Monitor a fine-tuning job

The Together AI platform records metrics at every training and evaluation step. You can pull them during a job to watch loss curves live, or after the job completes to compare runs.

Poll until the job is done

A fine-tuning job moves through the states: pending → queued → running → uploading → completed. Queue wait is typically under an hour but varies with platform load. Once a job is running, multiply the duration of the first epoch by n_epochs to estimate remaining training time. Use this loop to poll until the job reaches a terminal state, then fetch the metrics. The terminal states are completed, error, and cancelled. If you launched the job with early stopping, the terminal status is still completed even when training ended ahead of n_epochs. The response sets early_stopped=true and exposes the winning checkpoint via early_stopping_best_step and early_stopping_best_metric.

import os
import time
from together import Together

client = Together()

job_id = "ft-xxxx-yyyy"
deadline = time.time() + 6 * 60 * 60  # safety cap: 6 hours

while True:
    job = client.fine_tuning.retrieve(id=job_id)
    print(job.status)
    if job.status in ("completed", "error", "cancelled"):
        break
    if time.time() > deadline:
        raise TimeoutError(f"Job {job_id} still {job.status} after 6 hours")
    time.sleep(60)

if job.status != "completed":
    raise RuntimeError(f"Job ended with status: {job.status}")
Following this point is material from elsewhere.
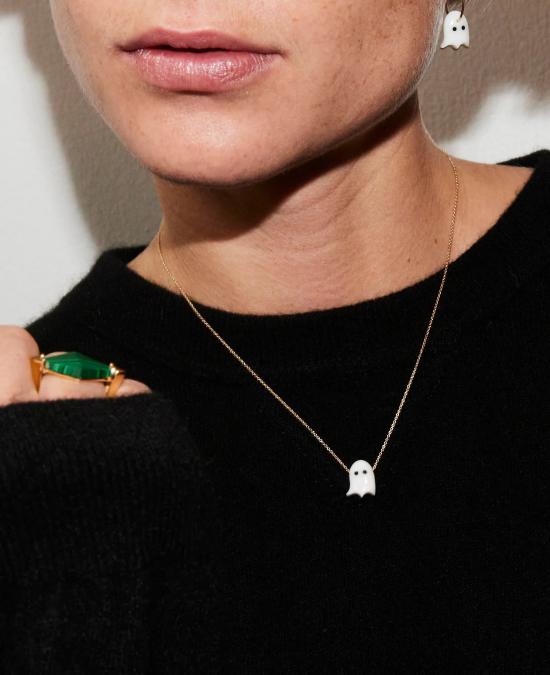 26FW 알리타 팔찌 NRCOA400CEYG09K FANTASMA Gold - ALIITA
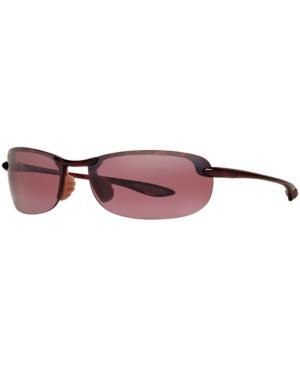 Maui Jim Sunglasses, Maui Jim 405 Makaha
metrics = client.fine_tuning.list_metrics(job_id)
for step in metrics.metrics:
    print(step)

import Together from "together-ai";

const client = new Together();

const jobId = "ft-xxxx-yyyy";
const deadline = Date.now() + 6 * 60 * 60 * 1000;
const terminal = new Set(["completed", "error", "cancelled"]);

let job = await client.fineTuning.retrieve(jobId);
while (!terminal.has(job.status)) {
  if (Date.now() > deadline) {
    throw new Error(`Job ${jobId} still ${job.status} after 6 hours`);
  }
  await new Promise((r) => setTimeout(r, 60000));
  job = await client.fineTuning.retrieve(jobId);
  console.log(job.status);
}

if (job.status !== "completed") {
  throw new Error(`Job ended with status: ${job.status}`);
}

const metrics = await client.fineTuning.listMetrics(jobId);
console.log(metrics);

tg fine-tuning retrieve "<JOB_ID>"

# When status is "completed", pull metrics:
tg fine-tuning list-metrics "<JOB_ID>" --json > metrics.json

Expected job durations: A small LoRA job on an 8B model with under 1,000 examples typically completes in 10 to 30 minutes after queue. A full job on a 70B model with hundreds of thousands of examples can take several hours. Save your job ID: you can poll from any session without re-uploading data.

Cancel or delete a job

Cancel a running job if you started it by mistake or no longer need it. You’re billed only for the steps that completed before cancellation.

client.fine_tuning.cancel(id="<JOB_ID>")

tg fine-tuning cancel "<JOB_ID>"

Delete a finished job to remove it along with the files it produced.

client.fine_tuning.delete(id="<JOB_ID>")

tg fine-tuning delete "<JOB_ID>"

Deleting a job can’t be undone. It destroys every file the job produced, including intermediate and final checkpoints.

Retrieve metrics

The list_metrics call returns every recorded step. The CLI renders ASCII charts by default; pass --json to get raw output.

metrics = client.fine_tuning.list_metrics("<JOB_ID>")
for step in metrics.metrics:
    print(step)

const metrics = await client.fineTuning.listMetrics("<JOB_ID>");
for (const step of metrics.metrics) {
  console.log(step);
}

# ASCII charts (default)
tg fine-tuning list-metrics "<JOB_ID>"

# Raw JSON metrics
tg fine-tuning list-metrics "<JOB_ID>" --json

# Save the ASCII charts to a file
tg fine-tuning list-metrics "<JOB_ID>" > plots.txt

# Save the JSON metrics to a file
tg fine-tuning list-metrics "<JOB_ID>" --json > metrics.json

Filter by step or time

All filter parameters are optional. Omit them to retrieve every recorded step.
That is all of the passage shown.